The Vatican is taking the extraordinary step of opening up part of its secret archives in an effort to counter charges that it did too little to stop the Nazi persecution of Jews. International scholars will have access to millions of documents on the Vatican's relations with pre-war Germany.

The documents being made available to scholars starting Saturday will include the period from 1922 to 1939, when Eugenio Pacelli, who later became the wartime pope, Pius XII, was Vatican ambassador in Berlin.

There will also be Vatican files kept by the secretary of state on its relations with states. But missing are documents from 1931-1934 from the papal nuncio's palace in Berlin, which were almost entirely destroyed by allied bombing in 1945.

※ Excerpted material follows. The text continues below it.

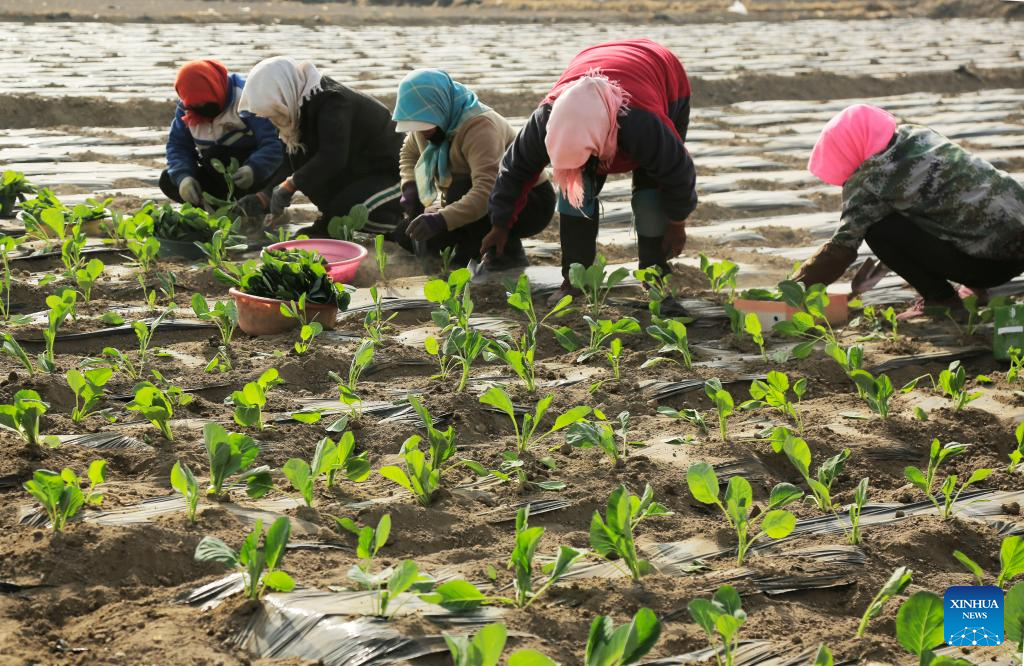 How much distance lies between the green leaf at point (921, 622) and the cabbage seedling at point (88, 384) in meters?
1.77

The Vatican's decision to give access to scholars follows criticism that Pope Pius, who served as pontiff from 1939-58, did too little to stop the persecution of Jews.

Pius XII has often been portrayed as an anti-Semite who failed to use his power to speak out against the extermination of Jews. But Pope John Paul II would like to beatify Pius, and the Vatican's position is that the wartime pope did all he could to save the lives of Jews.

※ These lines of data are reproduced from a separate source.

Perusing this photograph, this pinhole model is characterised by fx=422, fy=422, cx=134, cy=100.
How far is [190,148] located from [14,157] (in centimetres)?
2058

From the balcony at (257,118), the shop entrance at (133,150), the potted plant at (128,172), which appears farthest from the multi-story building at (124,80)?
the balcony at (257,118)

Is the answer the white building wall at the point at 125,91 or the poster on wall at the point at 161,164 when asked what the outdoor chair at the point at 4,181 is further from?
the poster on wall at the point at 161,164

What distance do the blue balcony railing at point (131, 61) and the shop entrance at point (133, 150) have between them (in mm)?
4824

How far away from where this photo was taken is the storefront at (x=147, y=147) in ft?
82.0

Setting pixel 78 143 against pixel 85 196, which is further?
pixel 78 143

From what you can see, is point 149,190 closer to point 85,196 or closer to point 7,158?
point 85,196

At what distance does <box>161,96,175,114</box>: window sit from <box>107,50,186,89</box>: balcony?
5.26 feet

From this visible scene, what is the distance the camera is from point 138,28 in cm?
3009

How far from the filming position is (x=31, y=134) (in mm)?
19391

The Vatican says Pius did not take more public actions for fear of further endangering Jews and Catholics in Nazi-occupied countries.

Jewish leaders say they are pleased at the move to make these documents available, but they have urged the Vatican to open wartime files as well. The chief archivist of the Holy See says he doesn't expect any "shocking revelations" to emerge from the documents.

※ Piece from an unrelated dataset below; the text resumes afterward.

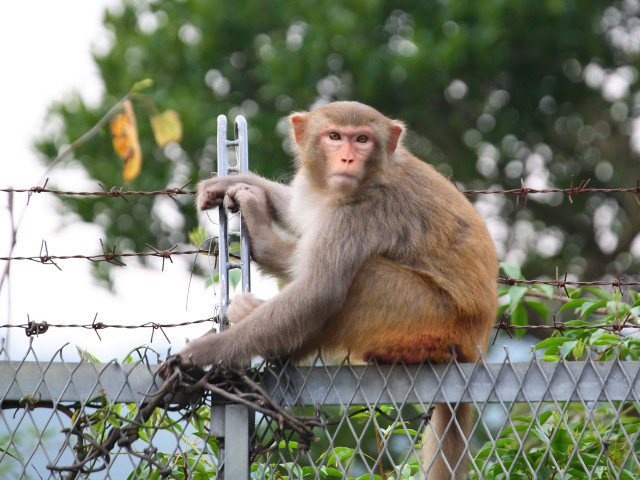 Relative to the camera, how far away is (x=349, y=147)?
4.07 meters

Catholic and Jewish scholars say they could answer some outstanding questions about the policies that shaped Pius's papacy and what the Vatican knew about anti-Semitism in Europe before the war.

Also being opened to researchers starting Saturday are archives from the Vatican's Congregation of the Doctrine of the Faith. These could shed light on the ideological climate in Europe at the time. They are documents on the Vatican's views on racism, fascism and Nazism.